Maybe that’s exactly the point. The transformation of our energy policy will disrupt the identities and lives of tens of thousands of good and earnest people…people who are dutifully feeding our energy thirst and, yes, creating a life of their own.
I began to see the connection while watching the advance screening of the documentary Switch, a visually astonishing effort to lead a balanced national energy conversation. The film follows Dr. Scott Tinker, Director of the Bureau of Economic Geology as he visits the most significant energy producers in the world. Here is the Plant Manager of Belle Ayr Mine, one of 13 in the Powder River Basin which together produce half of all US coal and nearly a quarter of US electricity (and a fair share of our CO2 emissions), beaming with pride about his excavation of “three Panama Canal’s worth” of coal every single year! Here is the bright and compassionate manager of the Perdido offshore oil platform in the Gulf of Mexico, risking life and limb – as did his colleagues on the BP Horizon rig – to power our Ford F-150s and automotive industry resurgence. Here is the undeniably human face of a vast, complex energy infrastructure…the very face that turned – respectfully, cynically and hopefully – toward a visiting Obama in Cushing.

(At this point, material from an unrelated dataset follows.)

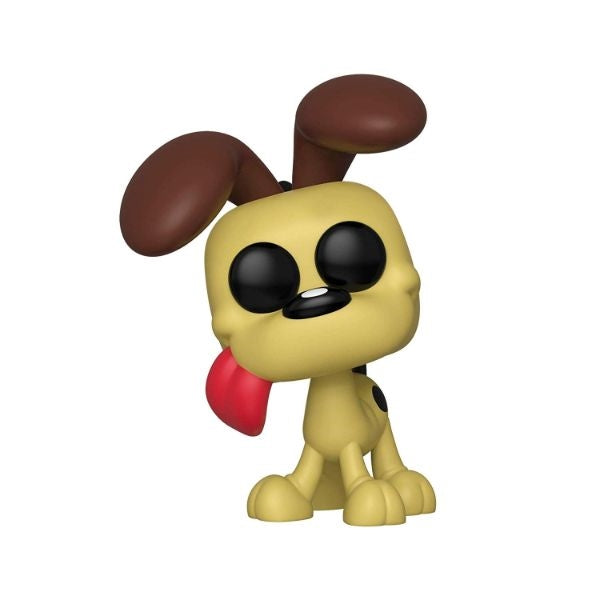 Pop Comics: Garfield – Odie Vinyl Figure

Was Obama’s visit an act of leadership to begin “pacing the loss” for Cushing? Or, rather, was Cushing a convenient prop to appease those independents teetering toward the right in November? Some of us hope for a renewable energy answer in the technical solutions of solar, wind, geothermal and nuclear. Others recognize the need to change our own energy behavior. We need energy transformation, but it will not happen unless the advocates for change take responsibility for the casualties they will create along the way.